Melanie Dulong: Distributing Law: How P2P can influence legal thinking

Technofaq.org

We are pleased to invite you to next week’s guest seminar on “Distributing Law: How P2P can influence legal thinking” by Dr Melanie Dulong de Rosnay (CNRS,LSE). Melanie is a permanent researcher at the French National Centre for Scientific Research (CNRS) Institute for Communication Sciences and a visiting Fellow at London School of Economics and Political Science (Department of Media and Communications).
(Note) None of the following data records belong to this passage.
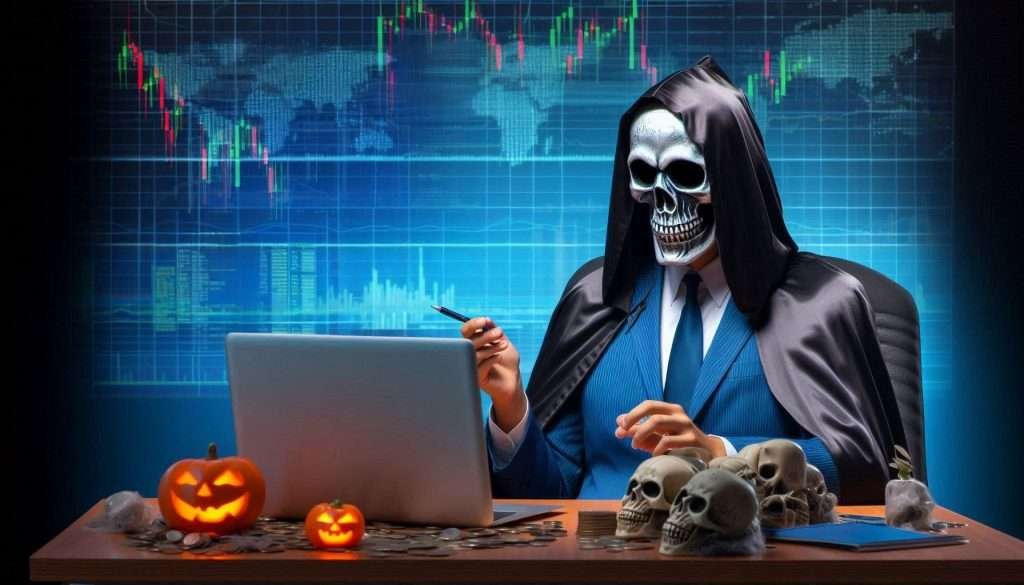 Spooky Trader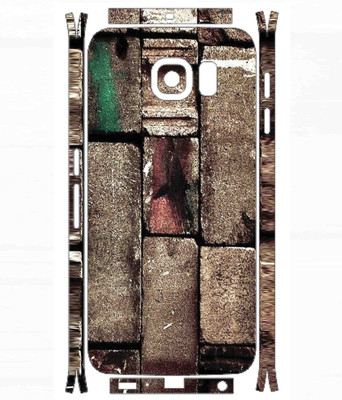 Snooky SAMSUNG Galaxy S6 Mobile Skin(Grey)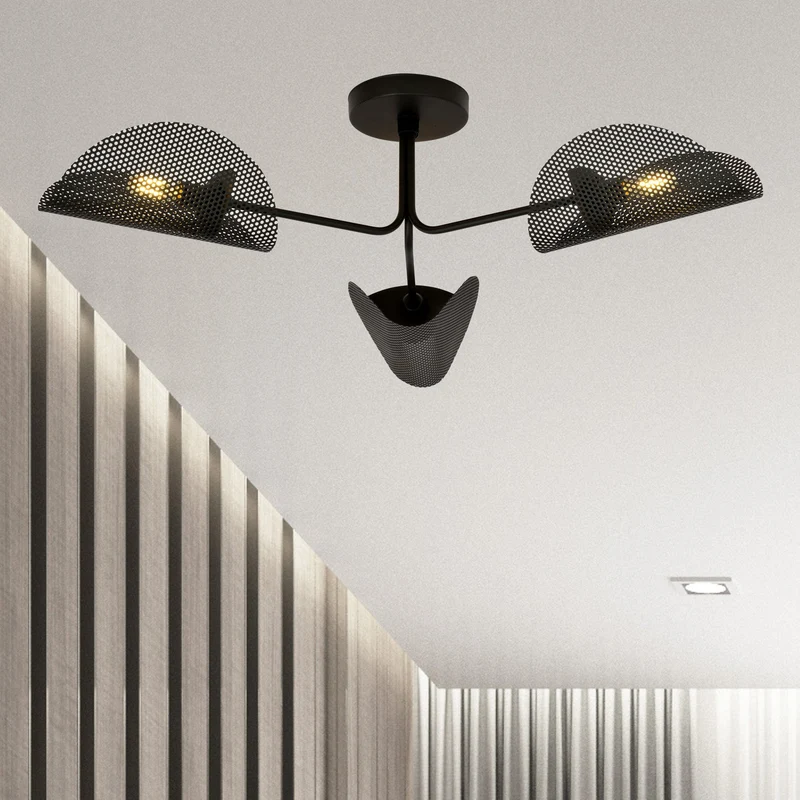 Plafonnier Moderne Pas Cher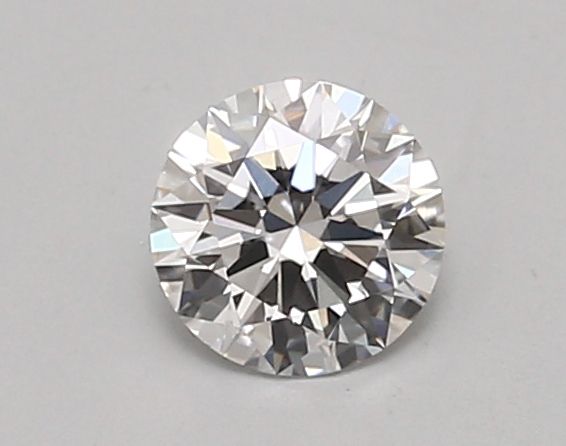 0.70 ct. round Lab Grown Diamond front image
The event is open to all. Please distribute to your networks/other groups possibly interested in this.
When: Tuesday, 13th January 2015 16.00-18.00
Where: EB 303, Executive Business Centre
Do I need to book? No, just show up but please email akaranasiou@bournemouth.ac.uk so that we can check the room capacity etc.
Below follows an abstract
Legal thinking can be influenced by architecture design principles based on decentralisation. Peer-to-peer architectures, for example distributed storage and wireless mesh network, disrupt the application of positive law and question central legal notions of liability, control, ownership and responsibility. I call for a transformation of legal thinking and logic and a theoretical break from envisioning the individual person as unique point of reference of the regulatory system composed by positive law and policies targeting individuals. Network theorists have already been conceptualising the agency of collectives, and commoners have been developing legal hacks to organise collective property. Beyond an individualised law trying to control distributed Information and Communication Technologies, peer-to-peer ways to think and design the law require to design collective rights and legal persons. Challenging liberal legalism design grounded in individualism requires to integrate peer-to-peer as a design principle for the law, towards the recognition of collectives as subjects of rights and duties, and the distribution of the law itself.